When Kenny meets Dave in an underground garage with a dead
body in the trunk, both are pulled into an amoral morass that leads only to
hellish consequences, like an involuntary journey into Dante’s Inferno, as there’s only one place to
dispose of bodies, apparently, and that’s the Ardennes, a rugged terrain of
dense forests and hidden rivers, a popular locale for hunters, so it’s an
interesting intersection of natural beauty and guns, while also a place the two
brothers fondly remember visiting as kids, perhaps one of the few happy
memories they both share. But this is a
distinctly different occasion, where the force of Kenny’s criminal acts has
pulled his brother into the same toxic wasteland, where they sit around in a
bar waiting to meet with Stef.
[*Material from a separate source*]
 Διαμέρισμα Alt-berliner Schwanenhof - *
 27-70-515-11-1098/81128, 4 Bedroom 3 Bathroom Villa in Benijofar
Of
course, it’s never as easy as that, as they’re only being sized up by a
zealously closed-minded community that instantly recognizes strangers in their
midst and has an inherent mistrust. When
someone other than Stef arrives, a giant hulk of a man dressed as a woman,
named Joyce (Sam Louwyck), the atmosphere immediately turns creepy beyond
description, like a turn into a dark alley with no way out. Both brothers are out of their element and
out of their league, as Stef, Jan Bijvoet from Borgman
(2013) and as the European intruder into the Amazonian forest in 2015
Top Ten List #8 Embrace of the Serpent (El abrazo de la serpiente) , seen
earlier in the film as Kenny’s cellmate in prison, turns out to be a barbaric
psychopathic who, by contrast, makes Kenny look like a boy scout. Crudely disposing of body parts for sport, his
particular specialty is played for laughs, as he has such a good time doing it,
yet he maintains a folksy, down home style, exhibiting little to no emotion,
but his beady little eyes seem demonic, capable of just about anything. His über masculinity maintains control
through utter calm, though the hatefully misogynistic dialogue coming out of
his mouth permeates danger, where the tension rises accordingly. Of course, nothing goes as planned, but
instead falls off the rails, turning into an apocalyptic vision of hell on
earth, as if Pandora’s Box has been opened and all the demons unleashed. It’s a bit preposterous, unintentionally
humorous in its hubris, and indescribably contrived, designed to raise
eyebrows, yet exists in a hollow universe of emptiness, where there’s little
character development, no attachment to any of the less than appealing
characters, so let them have at it. At
the end of the day, none of it means anything, but it’s viciously conceived, most
of it in dimly lit space, with an element of testosterone eye candy.